- Country: Nazi Germany
- Branch: Schutzstaffel
- Type: Security
- Size: Regiment
- Garrison/HQ: Wehrkreis II

= 6th SS Police Regiment =

The 6th SS Police Regiment (SS-Polizei-Regiment 6) was initially named the 6th Police Regiment (Polizei-Regiment 6) when it was formed in 1942 from existing Order Police (Ordnungspolizei) units for security duties on the Eastern Front. It was redesignated as an SS unit in early 1943.

==Formation and organization==
The regiment was ordered formed in July 1942 in Russia, but the regimental headquarters was not formed until 2 September. Police Battalion 82 (Polizei-Bataillon 82), Police Battalion 311 and Police Battalion 318 were redesignated as the regiment's first through third battalions, respectively. All of the police regiments were redesignated as SS police units on 24 February 1943.

The regimental headquarters was destroyed in January 1943 and its remnants were withdrawn to Adlershorst, (now Rusko, Poland), where they may have been used to form the headquarters of the 24th SS Police Regiment. Its battalions, however, were assigned to different German Army security divisions and did not suffer its fate. The Third Battalion was stationed in the rear of the 8th Italian Army when it was overrun by the Red Army during Operation Little Saturn in January–February 1943 and may have been destroyed at that time.

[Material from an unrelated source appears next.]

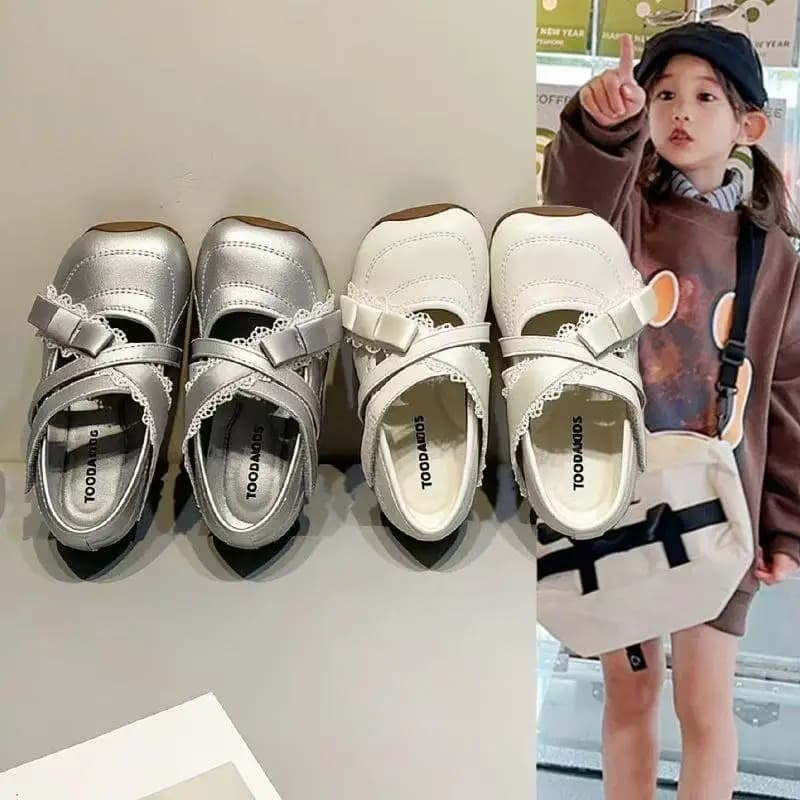 Versione coreana delle nuove sneakers basse da ragazza con lacci, scarpe leggere primaverili ed estive in stile principessa con chiusura a velcro.
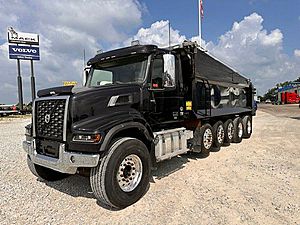 2022 Volvo VHD64F300 - Dump Truck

The 6th SS Police Regiment was reformed in October 1944 in Hungary. Its first and second battalions were formed by the redesignation of II and III Battalions of the 1st SS Police Regiment although its third and fourth battalions were newly raised. The regimental headquarters was destroyed during the Siege of Budapest in early 1945; the survivors were in Soviet prisoner of war camps by 11 February, but its battalions appear to have survived the siege.